Further, the dissent noted Vulte did not retroactively strip the plaintiffs of payment for actions they had already taken. In Moda, by contrast, issuers incurred losses and were only informed after the fact that they would not be paid the full amounts technically required by the statute. The dissent contended this sort of “bait and switch,” if allowed to stand via a denial of the money damages claims, would seriously undermine the government’s ability to incentivize private action in the future. (This argument was presented in an amicus curiae brief Quinn Emanuel submitted on behalf of a group of economists as part of the appeal.)
Moda Before the Supreme Court – Implications For Future Public-Private Enterprise
As noted, the Supreme Court granted certiorari in Moda and two other risk corridors cases on June 24, 2019. It is expected that the Court will decide by June 2020 when, if ever, Congress may use appropriations riders to limit or eliminate an obligation to pay. If the Supreme Court sides with the Moda trial court, that will limit future Congresses’ ability to obviate payment obligations, which should, in turn, create more certainty for private actors about when they can seek money damages if the government fails to pay. If the Supreme Court instead sides with the Federal Circuit Moda majority, that arguably provides future Congresses more power to limit the payment obligations imposed by a previous Congress with different policy goals. Either way, the implications for future private litigants in government-related litigation are significant.
The Path Forward
Although the risk corridors cases will provide important insight into the effects of future congressional action on government obligations to pay, all is not lost now for private litigants that believe the government owes them money. One notable example can be found in the context of a different ACA program that Congress also failed to fund. Cases involving that program—the largest of which is a class action helmed by Quinn Emanuel, Common Ground Healthcare Cooperative v. United States—address the government’s failure to reimburse issuers’ “cost-sharing reduction” payments. Cost-sharing reduction payments are payments issuers must make by law to reduce out-of-pocket expenses (like copayments) for certain low-income individuals. Congress never funded the cost-sharing reduction program, but, importantly, did not include any appropriations riders or similar language stating that appropriations were not be used for the program. The Obama administration nevertheless made those reimbursements for years, a policy that the Trump administration reversed in October 2017.
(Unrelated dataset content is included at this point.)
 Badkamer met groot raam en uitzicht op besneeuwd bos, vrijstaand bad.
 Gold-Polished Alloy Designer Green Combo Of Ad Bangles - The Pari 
Quinn Emanuel recently secured summary judgment on behalf of the opt-in class in Common Ground, including based on Moda’s holding that virtually identical payment language in the risk corridors statute was “unambiguously money-mandating.” As that decision shows, private parties are still able to collect on governmental payment obligations. Moda, however, will help clarify the limits on Congress’s ability to circumvent those options through less-than-obvious means.